I created a Python script to do all this heavy lifting. As an input it loaded the *.fx data, and as an output it generated the Javascript file that serves the data for a Google Map. Functionality also included finding the center of each collection of points in order to display a flag with the area number.

Basic website functionality

Initially the website had 4 main pages:

A main page where the user can pick their area
The area page where the user can pick the current schedule
The schedule page displaying the weekly schedule for the area and stage
The map page where users could see a visual representation of Cape Town's load shedding areas.

Pick Area Pick Schedule Show Schedule Map page

As the screenshots above show, I also added a function that polls the Cape Town city load shedding page to identify when load shedding is actually active. The status is shown in a banner at the top of the page. Tags on the schedule pages also highlight the current time row as well the current stage IF load shedding is underway.

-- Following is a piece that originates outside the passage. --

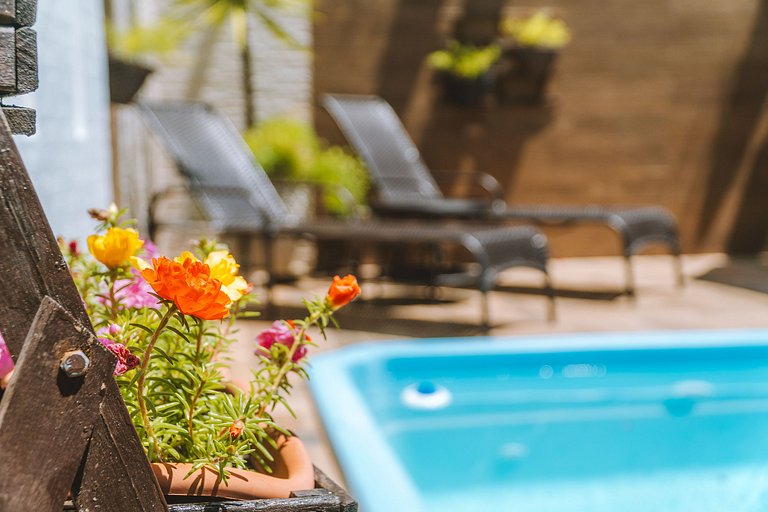 Casa com piscina, área de lazer com 08 dormitórios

At this point it was around the beginning of December 2015 and the website was seeing regular traffic after being shared on Facebook. I wasn't really interested in monetizing it so I didn't add any advertising. I was still using a Heroku subdomain (capetownpower.herokuapp.com) so it was time to migrate to something better. I bought the whereismypower.co.za domain (R99) and moved the website to Digital Ocean where I had $100 credit thanks to the Github student pack. These are the only costs so far.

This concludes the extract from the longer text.